A prominent region of such young stars resides in NGC 206, clearly resolved at the bottom left of both images. This immense star-forming region appears blue due to its extra-hot and luminous O- and B-type stars and light-scattering interstellar dust. It is readily visible in a medium-sized scope.
Looking inside
The Andromeda Galaxy hosts about 500 globular clusters of various ages, sizes, and stellar compositions. In comparison, the Milky Way only has about 160 globulars. What accounts for this huge disparity between the two galaxies remains unclear, but it clearly reflects differences in their evolution over time. Some of the larger and brighter globulars in M31 can be resolved with medium-sized telescopes. In my experience, a quality 10-inch scope, dark skies, and a proper identification chart make spotting globulars a challenging but fun project. (Phil Harrington’s Cosmic Challenge: The Ultimate Observing List for Amateurs [Cambridge University Press, 2019] provides several such challenges, available at www.philharrington.net/cc01.htm.)
Roberts would be astounded to learn that his historic photo of M31 also recorded NGC 206 and several globular clusters. A side-by-side comparison of the negatives of his image and the modern-day one (bottom two photos above) shows that clearly. The globular cluster G76, located in the galaxy’s southwest arm, has the greatest apparent brightness. Given the low sensitivity and grainy nature of the state-of-the-art photographic plates available in 1888, Roberts’ accomplishment is truly extraordinary.
Our understanding of Andromeda’s structure, composition, and evolution is improving rapidly thanks to advanced technologies and space telescopes, which make it possible to obtain data across a broad range of wavelengths including far ultraviolet (UV) and infrared (IR) — neither of which is accessible with ground-based telescopes. For example, NASA’s Galaxy Evolution Explorer (GALEX) space telescope captured images in far- and near-UV light, revealing hot, young stars forming in the spiral arms.
Similarly, IR images from the Spitzer Space Telescope unveiled yet more layers of information about this massive galaxy.

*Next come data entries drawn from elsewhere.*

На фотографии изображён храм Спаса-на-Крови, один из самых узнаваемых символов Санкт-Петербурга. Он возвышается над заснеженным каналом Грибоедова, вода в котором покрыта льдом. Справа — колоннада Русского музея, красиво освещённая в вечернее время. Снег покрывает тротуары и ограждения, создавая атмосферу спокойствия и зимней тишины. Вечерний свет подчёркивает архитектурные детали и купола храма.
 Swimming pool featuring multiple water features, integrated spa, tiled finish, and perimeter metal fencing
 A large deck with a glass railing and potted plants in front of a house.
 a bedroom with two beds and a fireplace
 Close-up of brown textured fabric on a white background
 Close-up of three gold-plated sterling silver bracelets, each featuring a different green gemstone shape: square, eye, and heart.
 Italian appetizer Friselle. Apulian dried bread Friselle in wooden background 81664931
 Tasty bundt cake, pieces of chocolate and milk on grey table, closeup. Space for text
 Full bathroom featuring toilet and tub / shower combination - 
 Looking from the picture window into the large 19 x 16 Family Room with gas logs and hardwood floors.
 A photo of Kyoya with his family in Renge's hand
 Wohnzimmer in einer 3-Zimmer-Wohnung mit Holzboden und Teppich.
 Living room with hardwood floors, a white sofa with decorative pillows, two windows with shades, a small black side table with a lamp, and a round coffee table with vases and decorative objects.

In addition to highlighting its waves of dust (red), the IR data also reveal older stars (blue). Images like this let astronomers estimate the mass of galaxies by measuring their total IR brightness. From such data, researchers deduce that M31 contains about a trillion stars — the Milky Way has 400 billion.
In the arms of Andromeda
When it comes to Andromeda’s inner structure, Spitzer images indicate that two possibly segmented spiral arms extend outward from a central bar, thereby classifying it as a barred spiral. Indications based on Hubble Space Telescope images suggest the galaxy has not just one, but two components in its nucleus. The mysterious, brighter one is dubbed P1 and the dimmer one is P2; P2 contains a supermassive black hole. It is now known that while P2 is indeed the true center of M31, the brighter component is actually an elliptical ring of old reddish stars orbiting the black hole. Computer simulations have tested different scenarios to better understand how such an arrangement could have formed, but the details remain uncertain.
The most complete summary to date about the structure and evolutionary history of the Andromeda Galaxy has been obtained by combining data from several diverse sources, such as the European Space Agency, NASA, the National Radio Astronomy Observatory, and IRAM radio telescopes (top image).
Future observations with the James Webb Space Telescope and other state-of-the-art instruments will undoubtedly provide us with an even more detailed evolutionary picture of this great galaxy — and, by extension, our Milky Way.